Masanobu Matsunami was never the most talented striker in Japan, nor the most prolific. Indeed, in a league where Brazilians or other foreign players are usually brought in to provide most of the scoring, Matsunami spent much of his career in the role of late substitute -- the player who comes off the bench to provide an extra bit of offensive presure down the stretch. Only once in his career did he make over 30 appearances, and that was in his peak year - 1997 - when he tallied thirteen times. Even as a "late sub", though, Matsunami took a relatively limited role and made the most of it, establishing himself as one of the most widely recognised and most popular players in Osaka, even if he wasnt one of the most prolific.

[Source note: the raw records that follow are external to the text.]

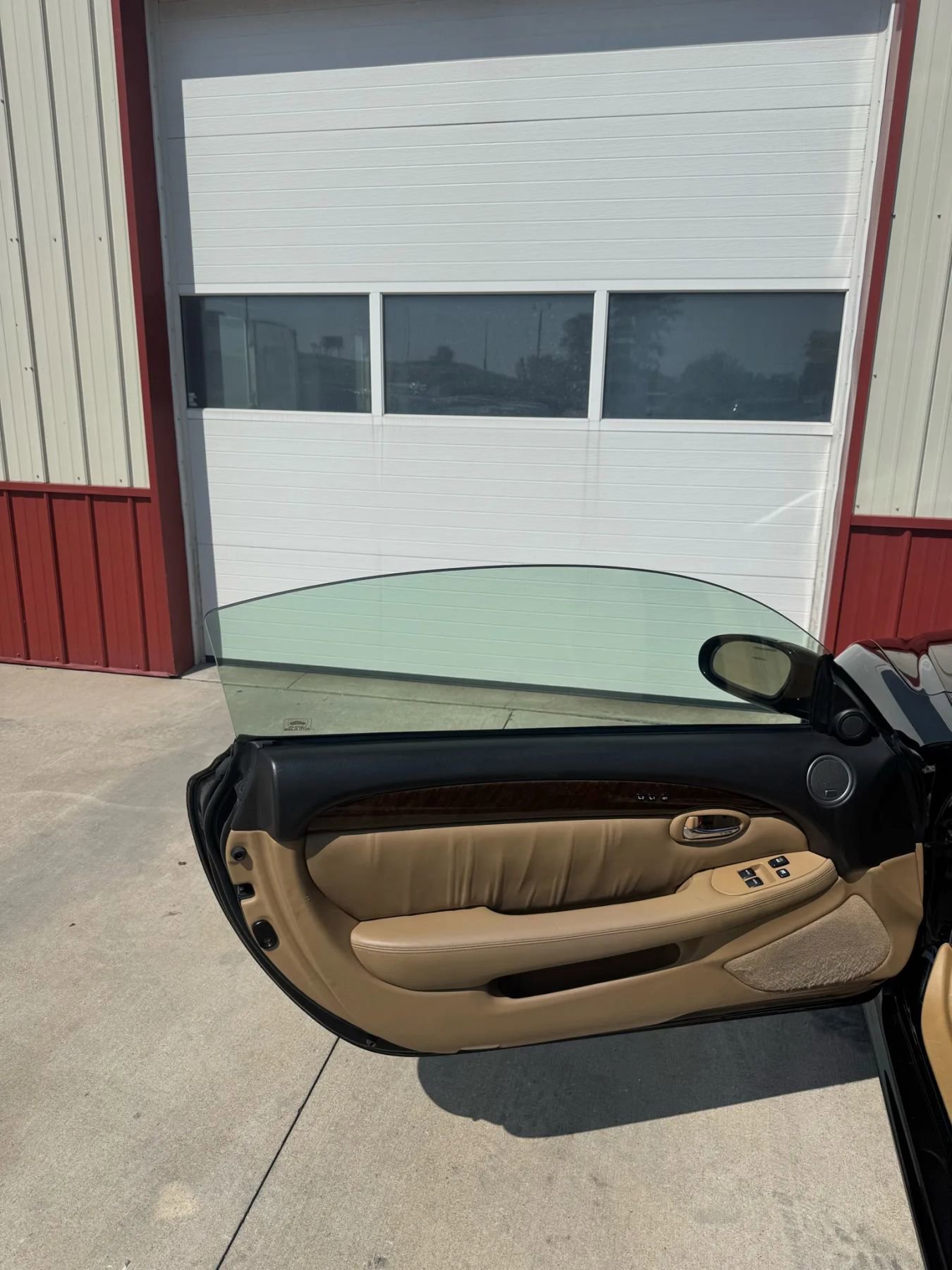 Used 2006 Lexus SC 430 Convertible image 4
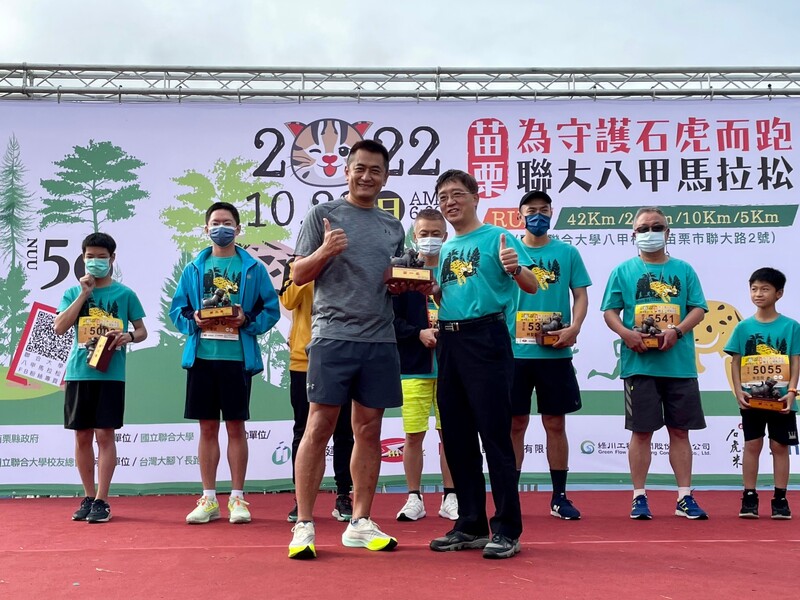 聯大柳文成副校長(前排右)頒獎給5K健康組第一名選手圖片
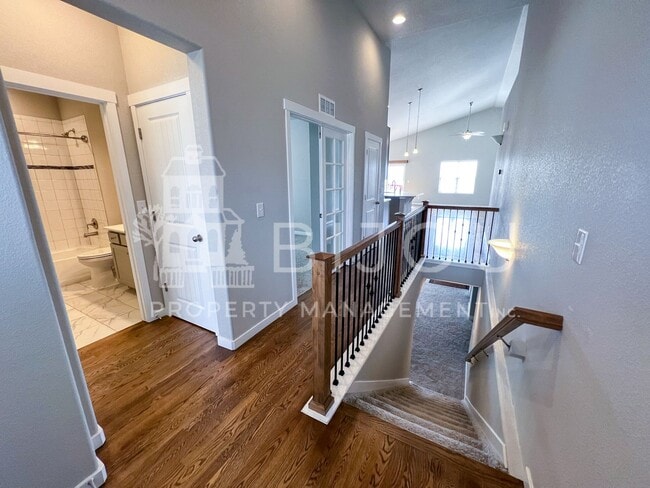 Photo - Grand Overlook to the Mountains!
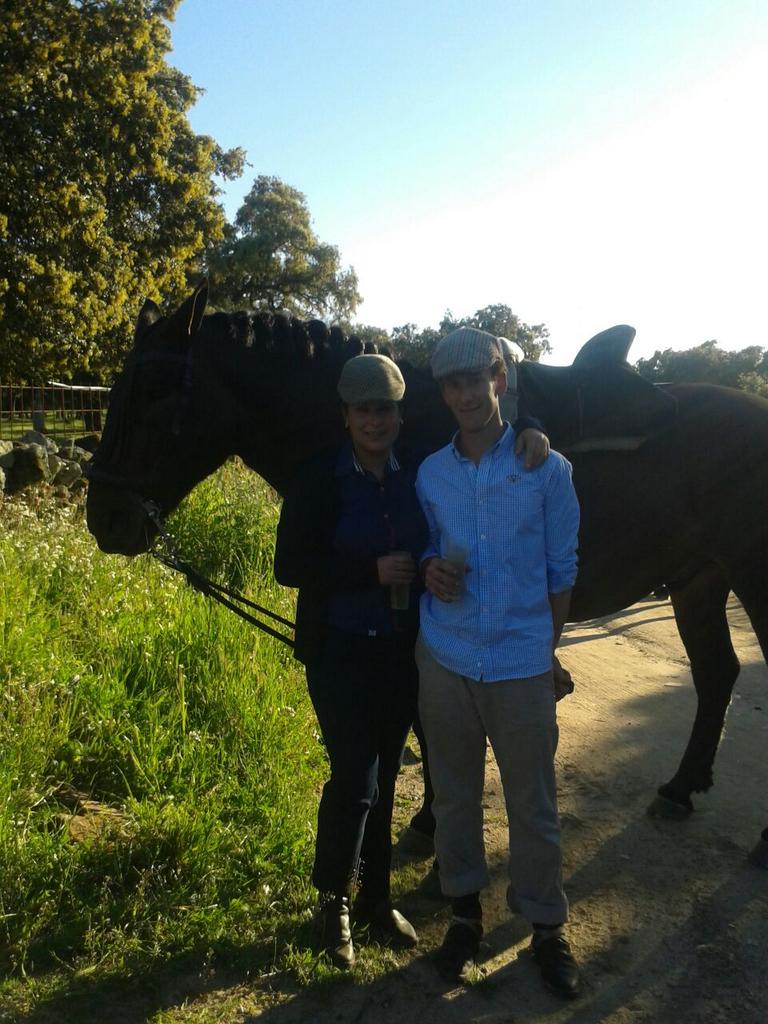 deseando k llegue el viernes para volver a  disfrutar de nuestra aficion. tq cari . viva la virgen de la cabeza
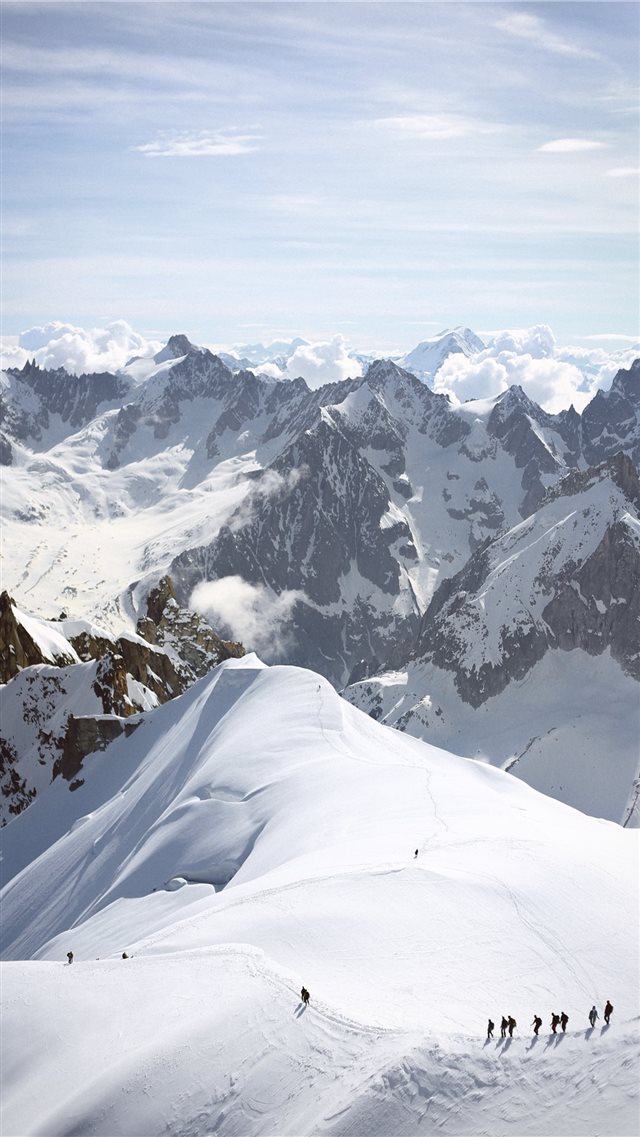 Alpine Adventure iPhone 8 wallpaper 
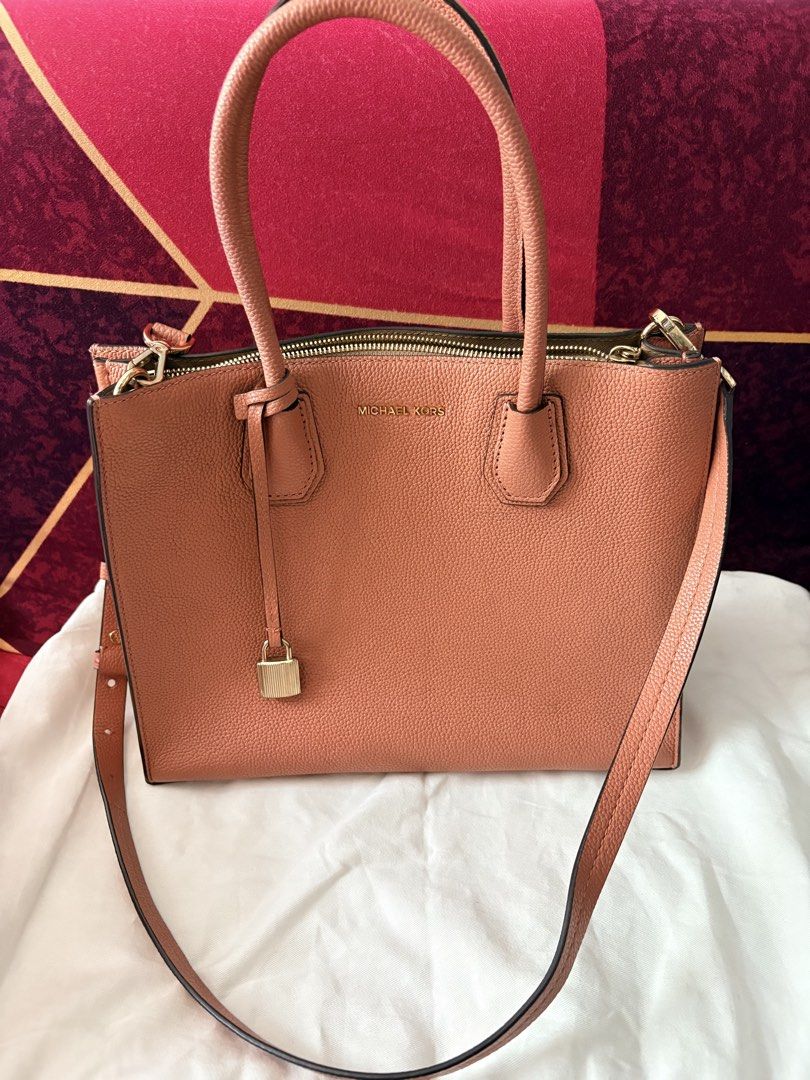 Michael Kors Mercer - Large (Category: Luxury Bags & Wallets) located in Taguig. Submitted by summeryelsh22 (Listing ID 1449599328, Image 1). Description: - Michael Kors leather handbag - Lovely peachy-pink color - Gold hardware details - Top handles - Detachable shoulder strap - Zipper closure - Includes a small padlock charm - Spacious interior for essentials Rank A. Super pretty in actual. This retails for Php 50,000.00 in Rustan’s..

From the start of his 13-year career at Gamba Osaka, Matsunami seemed to have a gift for catching the eye of fans, with his hard-charging work ethic and flashy feints and flourishes. Among other things, he pioneered the "upturned collar" look, which was later imitated by national team strikers such as Akinori Nishizawa and Naohiro Takahara. During the late 90s, uniforms with overlapping (and different-colored) collars were in fashion, and most J.League teams wore kits with collars at least for a season or two. One story has it that Matsunami was feeling a bit cold, at one late-season match, and during a stoppage in play, turned up the collar of his uniform to ward off the chilly wind, which kept blowing down his neck. An opposing defender made some dismissive remark along the lines of: "hey, are you trying to look cool with your turned-up collar?".
Even in a reserve role, Matsunami managed to pile up close to 300 appearances in his career, and tallied 45 goals, most as a late substitute. Having remained faithfully at Gamba throughout his career, he received a warm send-off in his final match, which provided a fitting capstone to his career, as Gamba clinched their first J.League title on that very day. In years to come, when a cocky striker comes onto the pitch with turned-up collar, signalling his intention to score the winning goal, long-time J.League fans will remember the player who set the whole trend in motion.